In summary, we say that A1,A2, ... ,An ; B is a valid argument form when B is true whenever A1, A2, ... , An are all true.
Proposition:A1,A2, ... ,An ; B is a valid argument form if and only if (A1&A2& ... &An) -> B is a tautology.
Next time: Onto a formal statement logic, where proofs are not connected directly to truth.
We started an examination of L, a formal treatment of statement logic, following Hamilton.
For symbols we allowed ~, ->, ( , ) , p , and '. Hamilton allows subscripts using counting numbers for the variables, p_{1}, p_{2}, p_{3}, etc. but this was noted requires a presumed notation prior to the notation of the system. We will use Hamilton's convention understanding that we can instead use the finite list of symbols by defining statement variables by the following: p is a statement variable and if A is a staement variable, then A' is also a statement variable. This is the only way that a form can be a statement variable.

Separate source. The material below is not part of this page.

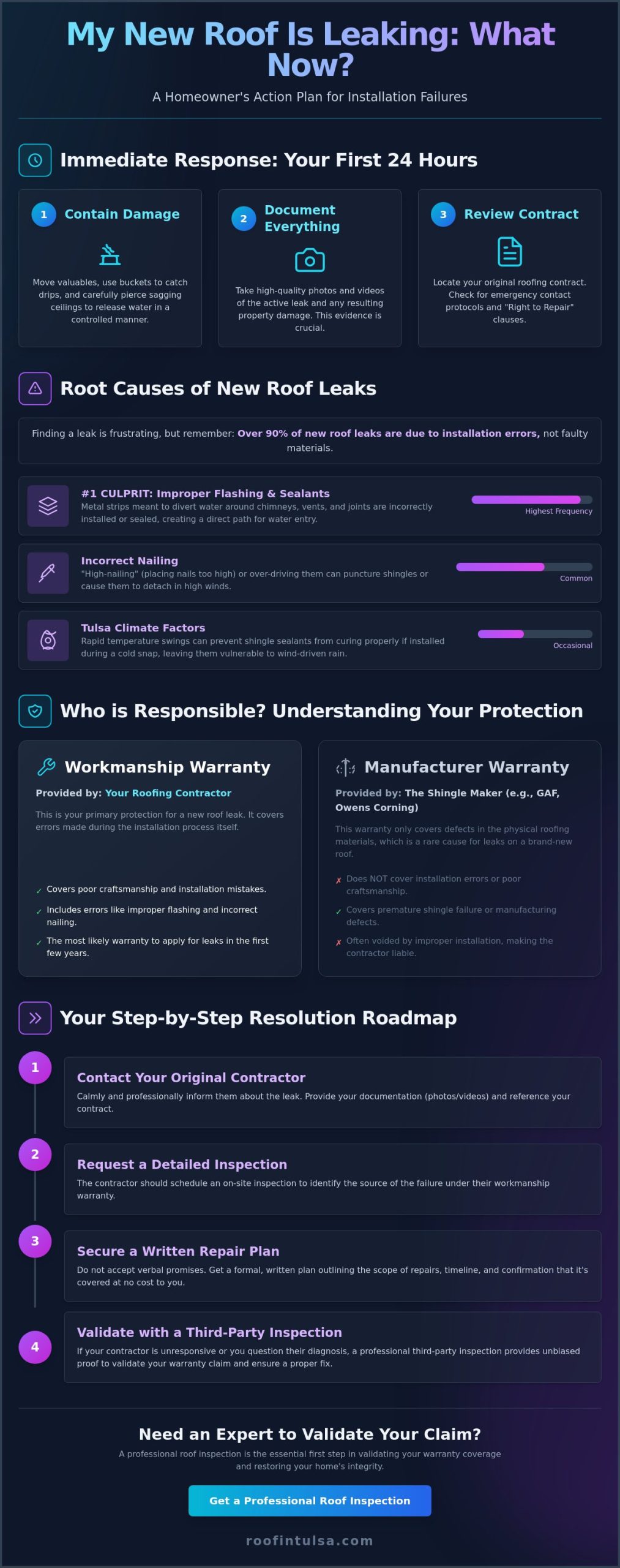 What to Do If Your New Roof Is Leaking: A 2026 Homeowner’s Action Plan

After this we defined a well-formed formula (wf) and continued following Hamilton in defining 3 forms for axioms of L and the single rule for L as Modus Ponens or the Rule of Detachment:
A A->B |
B |
A proof in L is a finite sequence of wf's where each statement in the sequence is either an axiom of L or derived from previous wf's by an application of the rule. A theorem is the last statement of a proof. When A is a theorem of L we write |-_{L} A.
One important goal of this formalization [which we will pursue next week] is to connect the theorems of L to the collection of tautologies that are wf's of L. We will show that every theorem of L is a tautology (soundness) and every tautology in L is a theorem ( adequacy or completeness).
We also considered the situation where a wf or set of wf's are used in a proof like axioms, later to be included in a summary of the argument as hypotheses in a conditional statement. This situation is described as a deduction from the set of wf's. See Hamilton for the formal definitions of this. If G is a set of wf's, we write G |-_{L} B to indicate that the statement B can be deduced from G. The main result that we will prove next class is called the deduction theorem. It states that if Gu{A}|-_{L} B then G |-_{L} (A->B).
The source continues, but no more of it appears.